Nel disordine dilagante in Italia tra 1918 e ’22, Giolitti cedette alla Iugoslavia la Dalmazia tenendo solo Zara; d’Annunzio occupò Fiume, che, dopo un insensato momento di Città libera, nel 1924 sarà annessa all’Italia.

Da allora furono tranquilli i rapporti tra Italia e Iugoslavia. Nel 1930 questa finì sotto la “dittatura della monarchia”, con prevalenza serba sulle altre innumerevoli e contrastanti etnie. Nel 1939 l’Italia si annetté l’Albania, da cui l’anno dopo attaccò la Grecia.

La Iugoslavia, prima vicina all’Asse, sembrò accostarsi alla Gran Bretagna. Temendo un attacco, Germania e Italia nel marzo del 1941 decisero di occupare la Iugoslavia. L’esercito venne facilmente battuto, ma si scatenarono tutte le tensioni accumulatesi tra etnie e ideologie: Croati fascisti (ustascia), Serbi monarchici (cetnici), Bosniaci musulmani, e i partigiani comunisti di Tito.

Per farsi un’idea di quanto accadde negli anni 1940 in quelle terre… basta ricordare quanto accadde sotto i nostri occhi e in diretta tv dopo 1991, con i sanguinosi massacri tra popolazioni della crollata Iugoslavia; e nella più ovina indifferenza dell’Europa.
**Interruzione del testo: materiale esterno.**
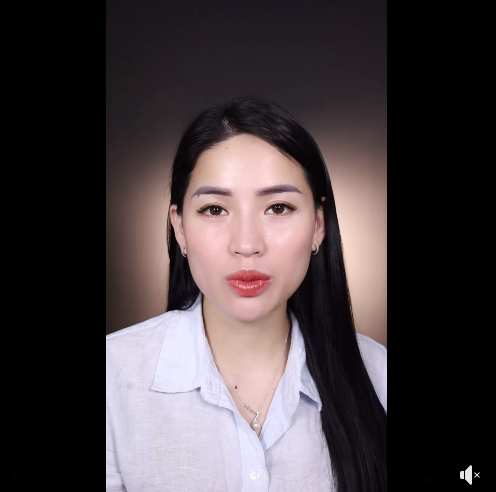 Sau nhiều ngày nổ ra lùm xùm sau những buổi livestream bán hàng "xả kho", hay từ những clip review đồ ăn của mình, mới đây "chiến thần" Võ Hà Linh đăng tải một đoạn video clip thừa nhận bản thân ngạo mạn và cho biết, cô sẽ ngưng review quán ăn.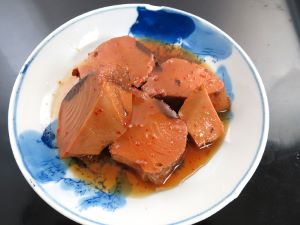 クリックで拡大表示 カツオの角煮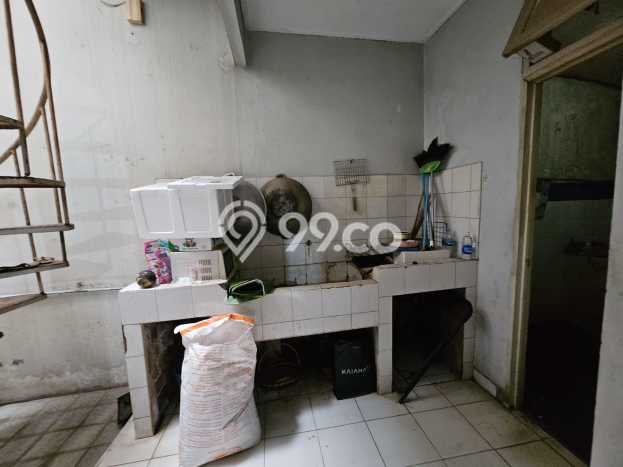 Disewakan Rumah Murah di Panglima Polim Jakarta Selatan Punya 6 Kamar Tidur Disewakan Rumah Murah di Panglima Polim Jakarta Selatan Punya 6 Kamar Tidur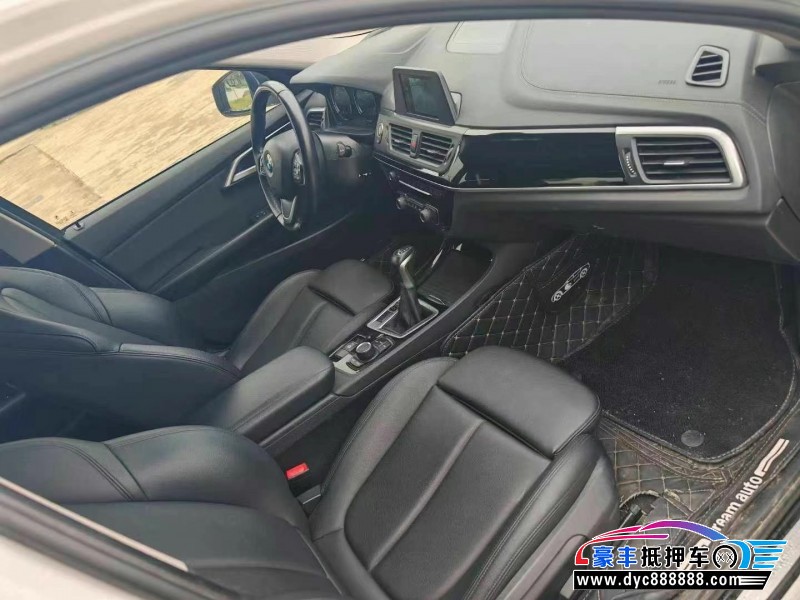 19年宝马1系轿车抵押车出售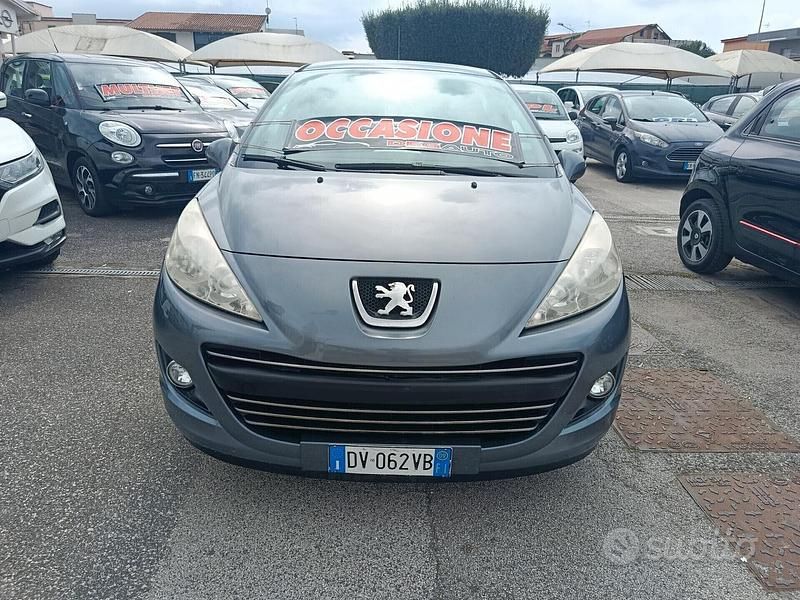 Begagnad Peugeot 207 88 HK (64 kW) 2010 Grå Sedan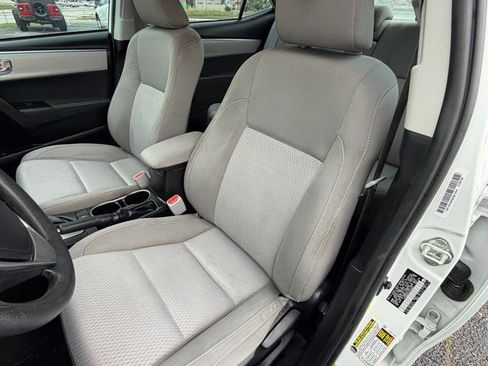 Used 2015 Toyota Corolla LE FWD image 10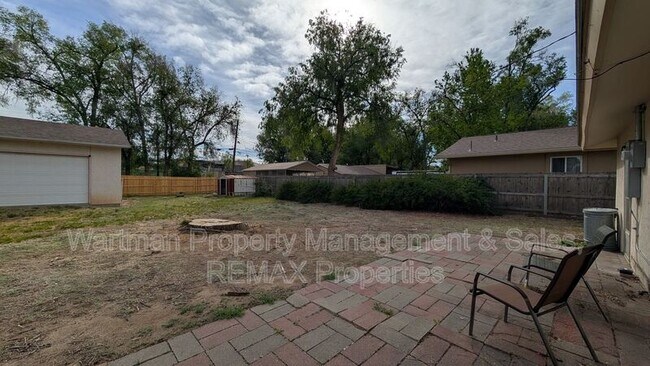 Building Photo - 435 Marian Dr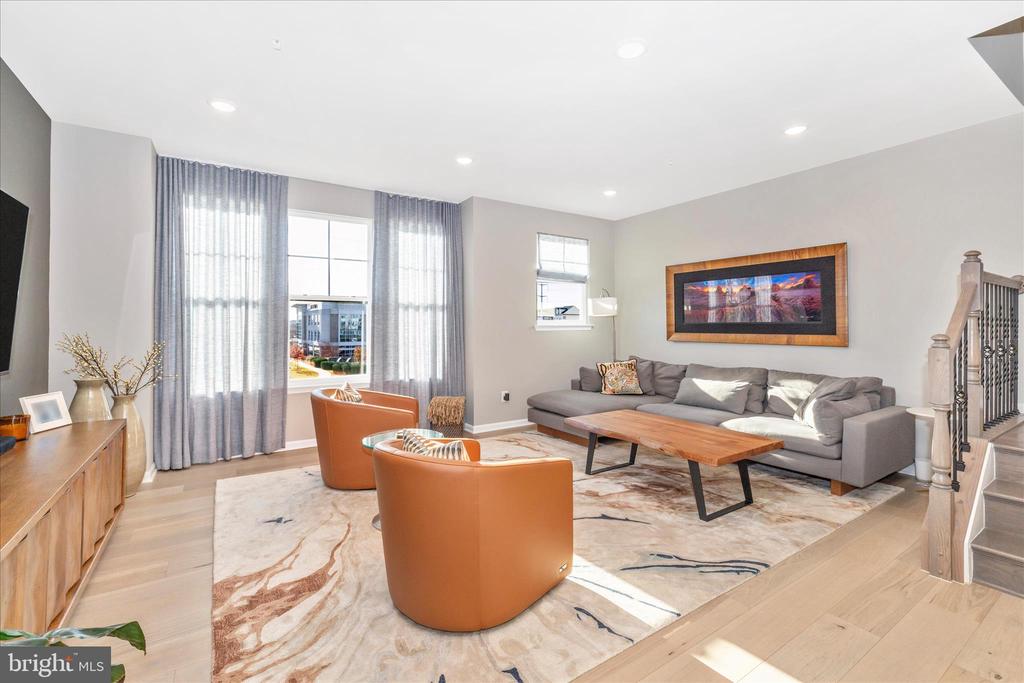 Frederick, Maryland, 21701, United States, 4 Bedrooms Bedrooms, ,4 BathroomsBathrooms,Residential,For Sale,2005194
Sorvolo sulla guerra del 1999, e torniamo al 1941-3.

L’Italia si annesse direttamente la Provincia di Lubiana e buona parte della Dalmazia; e annesse vasti territori all’Albania; mentre la Croazia proclamava suo re Aimone di Savoia, il quale tuttavia non mise mai piede in questo suo inopinato dominio. Avvennero dure repressioni anche da parte italiana.

L’8 settembre 1943 le truppe italiane nei Balcani, colte di sorpresa dalla fuga di Badoglio e re, vennero attaccate dalla Germania, e da titini e altri, tra cui gli stessi Croati. Tito, alla testa di truppe organizzate, eliminò i monarchici e gli ustascia, e iniziò la pulizia etnica nel confronti degli Italiani: moltissimi, non si saprà mai quanti, vennero orrendamente assassinati e “infoibati”. Pur comunista, Tito si tenne lontano da Stalin, e questo bastò perché gli USA gli lasciassero mano libera.
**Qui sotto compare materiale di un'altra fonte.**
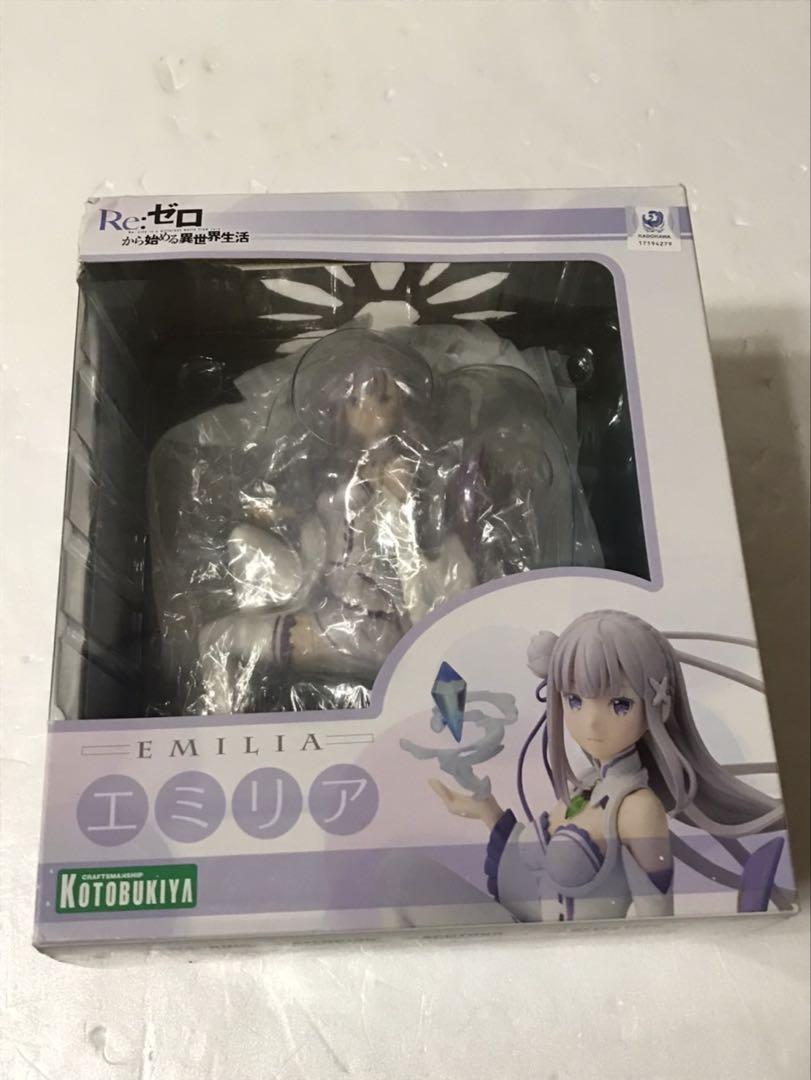 コトブキヤ Re: ゼロから始める異世界生活 エミリア 1/8スケール PVC製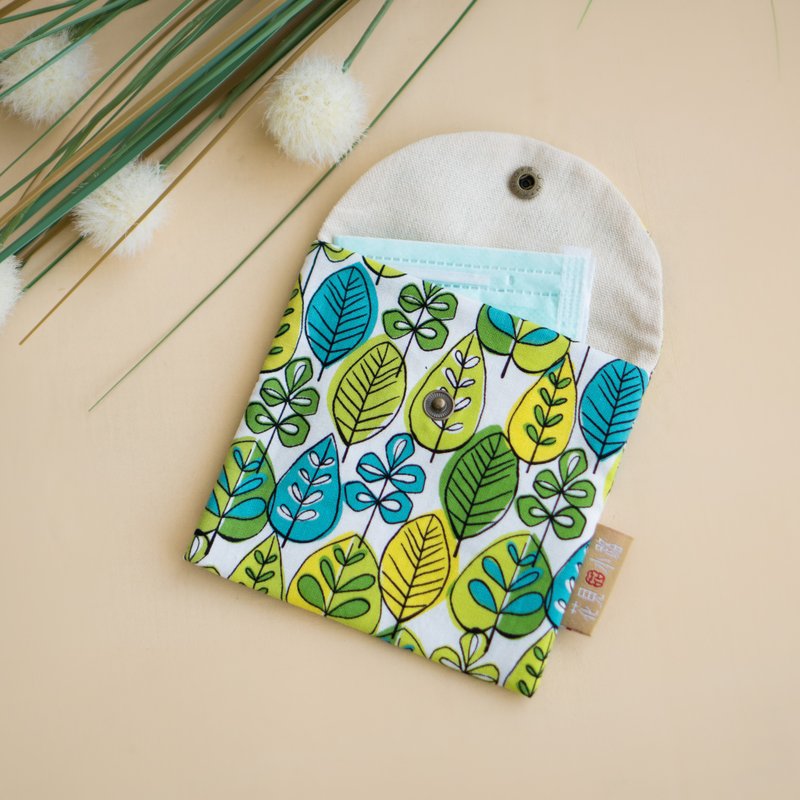 Epidemic prevention gift sanitary napkin bag mask storage bag green leaf veins - Coin Purses - Cotton & Hemp Multicolor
Accaddero fatti confusi, tra il crollo delle truppe tedesche e della RSI e il trattato di pace, diciamo più esattamente di resa, del 1947, che l’Italia di de Gasperi venne chiamata a firmare senza alcuna discussione, e firmò in silenzio.

Cedette Venezia Giulia e Istria e Zara, mentre Triste divenne un incomprensibile Territorio Libero, tornando alla Patria nel 1954. E qui faccio ricordo di Francesco Paglia (Catanzaro gli ha dedicato una nota via), assassinato dalla polizia inglese.

Centinaia di migliaia avevano lasciato da profughi le terre adriatiche. Non vennero bene accolti, e quasi con fastidio. Mantennero il ricordo dell’Italia adriatica, e noi citiamo Alida Valli, Nino Benvenuti, lo stilista Missoni, il giornalista Nutrizio… Onore agli Italiani e all’italianità dell’Adriatico Orientale.

Oggi l’Italia ha buoni rapporti con Croazia e Slovenia; molto stretti con Albania e Montenegro; ha recuperato di fatto l’isola di Saseno persa nel 1947; tiene a vario titolo truppe nei Balcani.